**Source data**
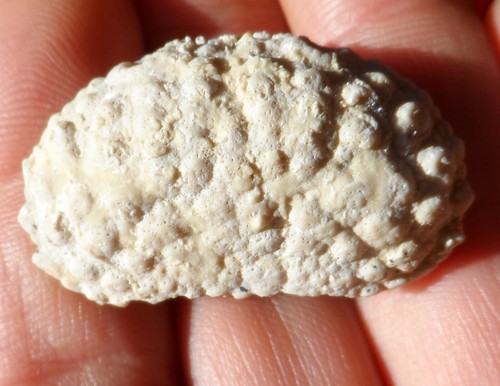 Crabe fossile ukraine - crabe, d'ukraine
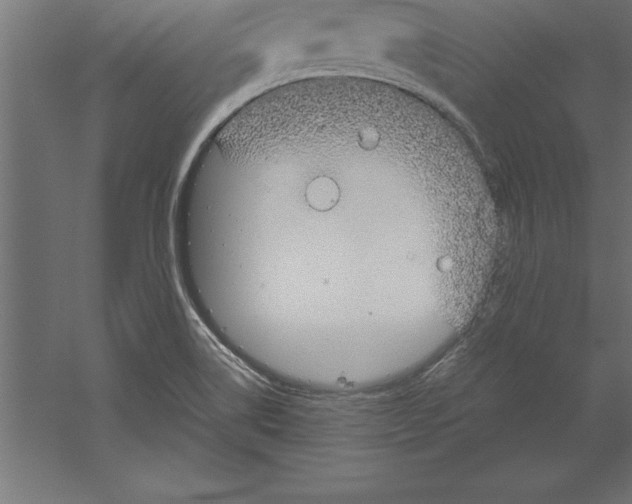 X0000060261514200511241413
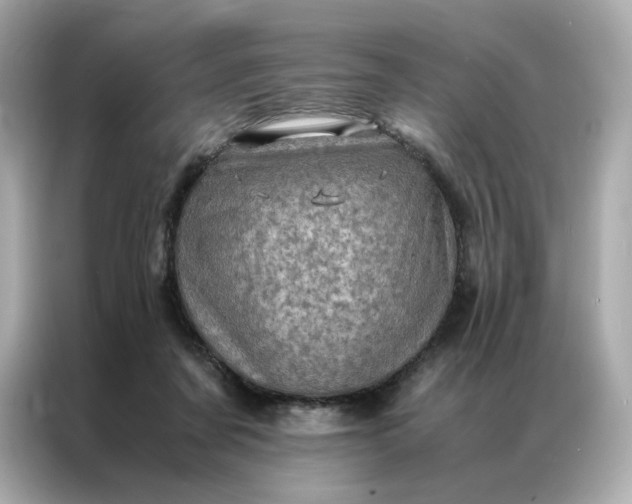 X0000086940311200704301142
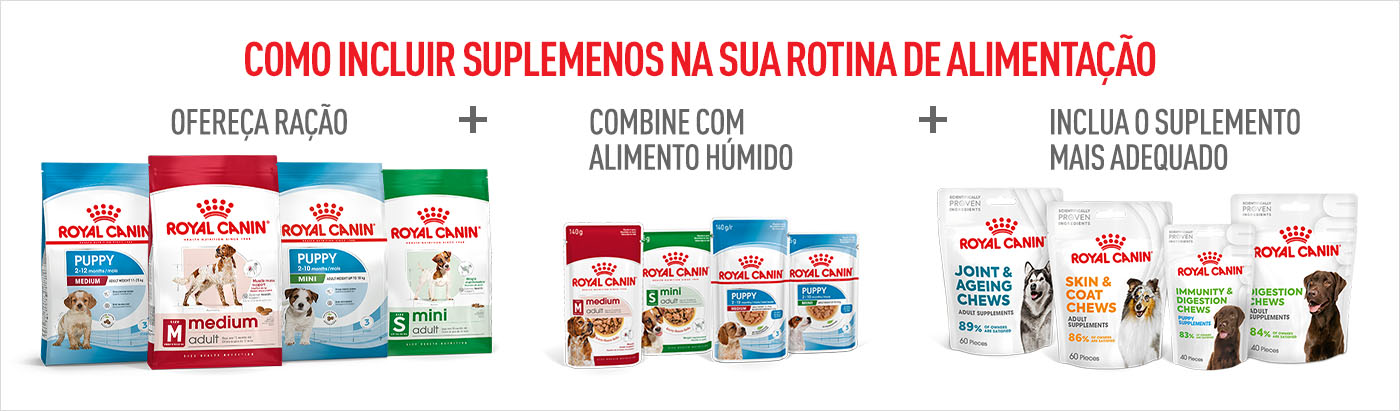 Como incluir os suplementos na rotina diária? Ofereça ração + alimento húmido + suplemento adequado à necessidade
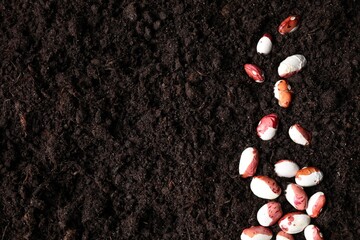 Many bean seeds on fertile soil, top view. Space for text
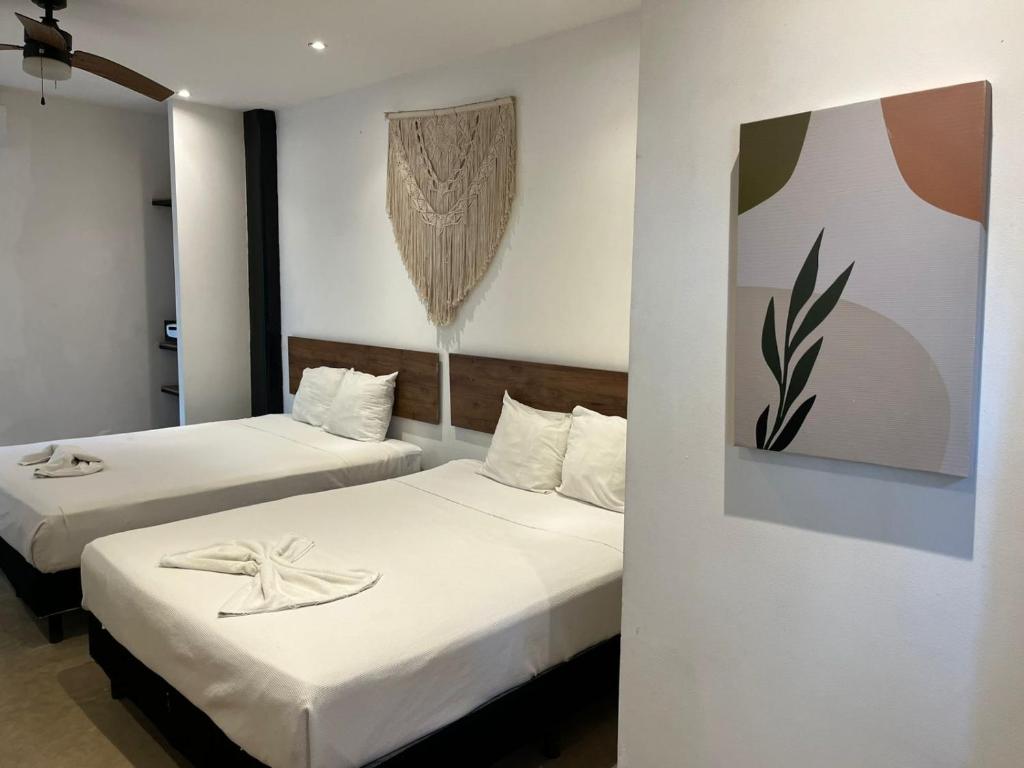 Live Coco Suites - Hotel Boutique & Rooftop - 5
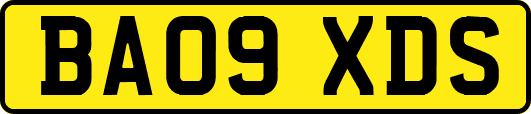 BA09XDS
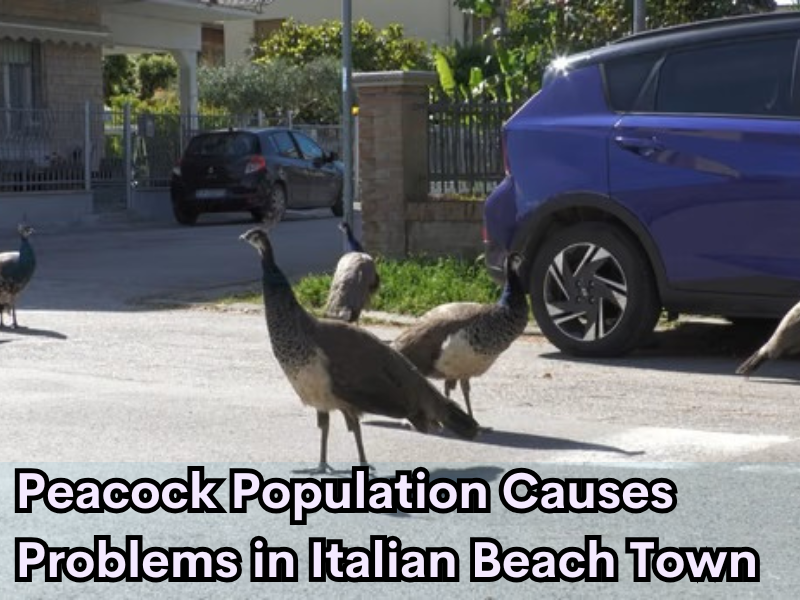 Peacock Population Causes Problems in Italian Beach Town 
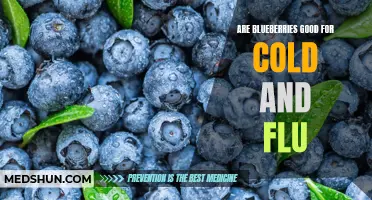 The Benefits of Blueberries for Cold and Flu: A Natural Remedy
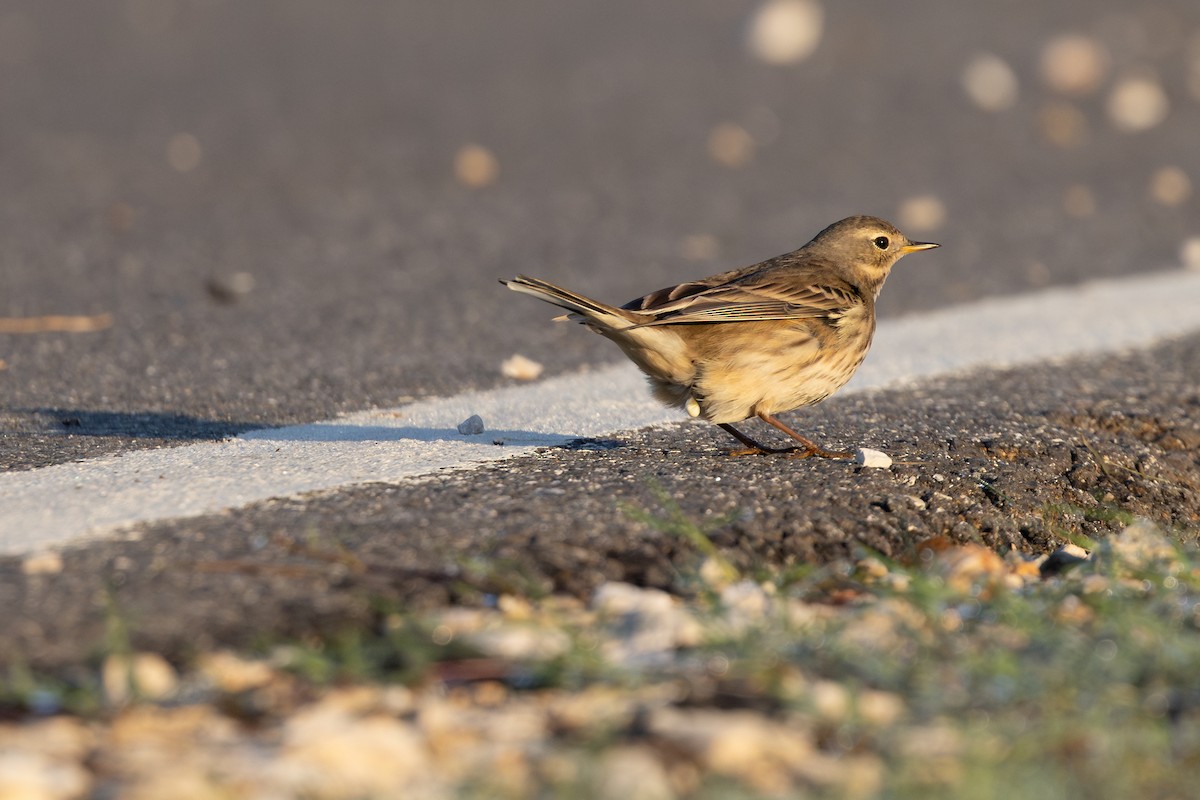 American Pipit - ML648179313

**Work to complete**
Exclude the images, then output the data above word for word.

**Written reply**
 Crabe fossile ukraine - crabe, d'ukraine
 X0000060261514200511241413
 X0000086940311200704301142
 Como incluir os suplementos na rotina diária? Ofereça ração + alimento húmido + suplemento adequado à necessidade
 Many bean seeds on fertile soil, top view. Space for text
 Live Coco Suites - Hotel Boutique & Rooftop - 5
 BA09XDS
 Peacock Population Causes Problems in Italian Beach Town 
 The Benefits of Blueberries for Cold and Flu: A Natural Remedy
 American Pipit - ML648179313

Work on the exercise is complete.